The hype around the team going into the season was real. They'd gone 12-4 in 2018 and came a missed field goal away from knocking off the defending champions in the playoffs. It was time to start thinking about the Super Bowl. Then as the season unfolded, it became clear something was off. The urgency and edge the Bears had played with the year before just didn't seem like it was there.
During his press conference at the scouting combine, Nagy revealed his belief that a lot of that was because certain players weren't playing with a chip on their shoulder mentality. They'd grown content. That is why he doesn't want anybody to feel comfortable coming into 2020.
"I want everybody to feel that way. If you don't, you feel content and play content. You don't play with that chip...I had a lot of different individual talks with players and I'm not going to get into who they are...but there are some guys that can play with more of a chip on their shoulder. That's the part, for me, that going into this year, I want to see if they have that chip."
Matt Nagy sounds like he's done being the nice guy
By the sound of things, it would seem Bears players might be seeing a little bit more of that "dark side" Nagy has talked about in the past. The changes to the coaching staff last month certainly reflect a shift in thinking.

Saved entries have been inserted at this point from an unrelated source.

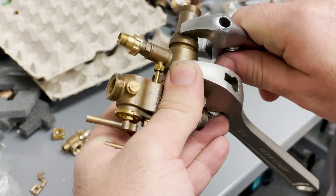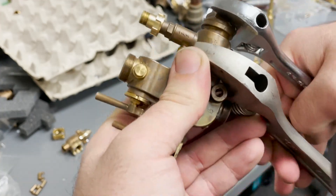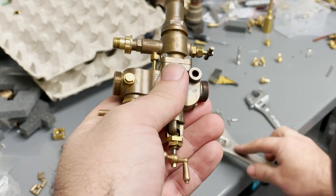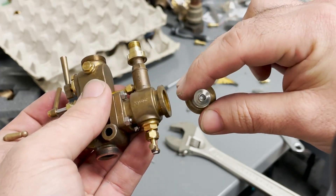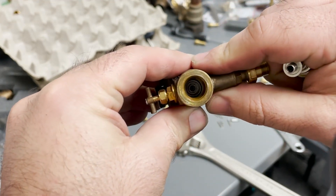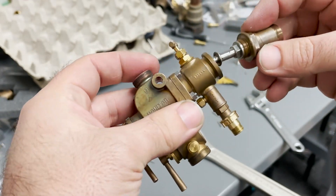The very first thing you may want to do is just check to make sure that all your water lines are tight and that nothing's leaking. Taking a look here, everything looks pretty clean — you can see straight through it. Looking in here, I don't see anything clogging or blocking.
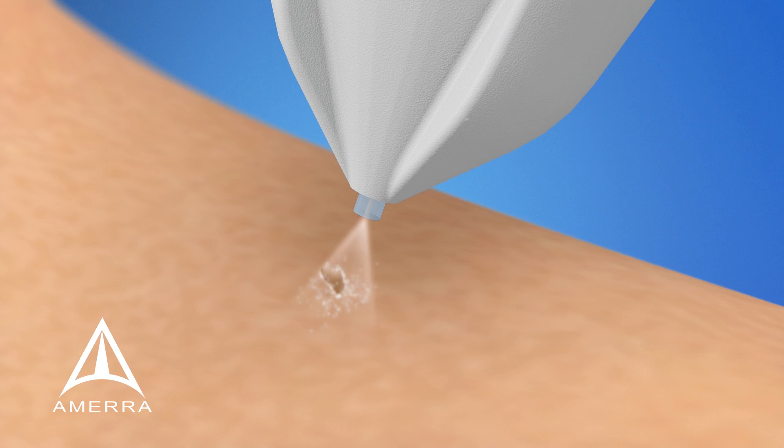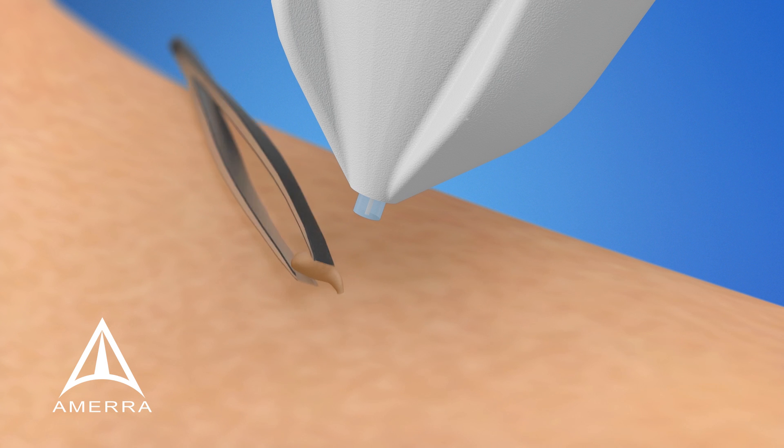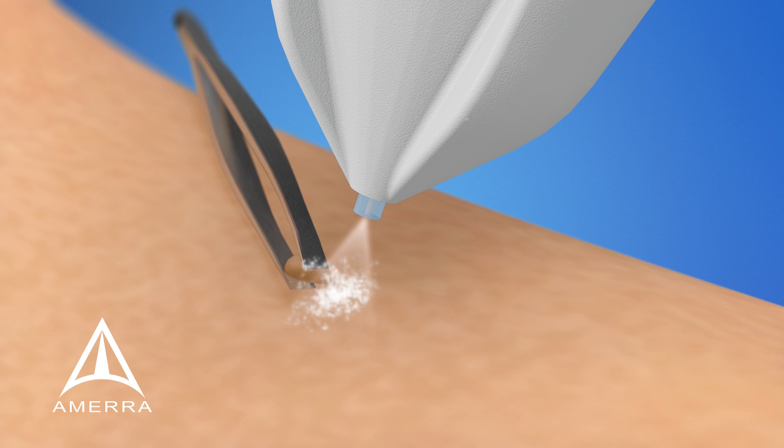To achieve optimal results with skin tags, we recommend treating the base of the skin tag for 5 seconds. If the skin tag is large or has a thick stock, use tweezers to bend the skin tag over so you can treat the base. We recommend two, 5-second treatments spaced 5 seconds apart for larger skin tags.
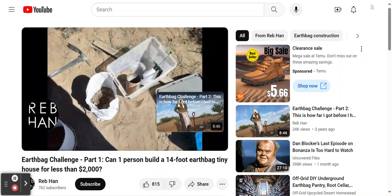Now I'm ready to begin filling the earthbags and building the walls. I'll show you that in the next video.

It seems like there will be a more disciplined approach moving forward. One focused on attention to detail. Something new offensive line coach Juan Castillo and quarterbacks coach John DeFilippo are well-known for.
The first thing that must be done in order to fix the offense is making sure to eliminate their own mistakes. Half the problem for the Bears last year was them constantly shooting themselves in the foot with ill-timed penalties, dropped passes, and just bad execution. Nagy seems dead set on getting all of that cleaned up before even thinking about adding new faces to the roster.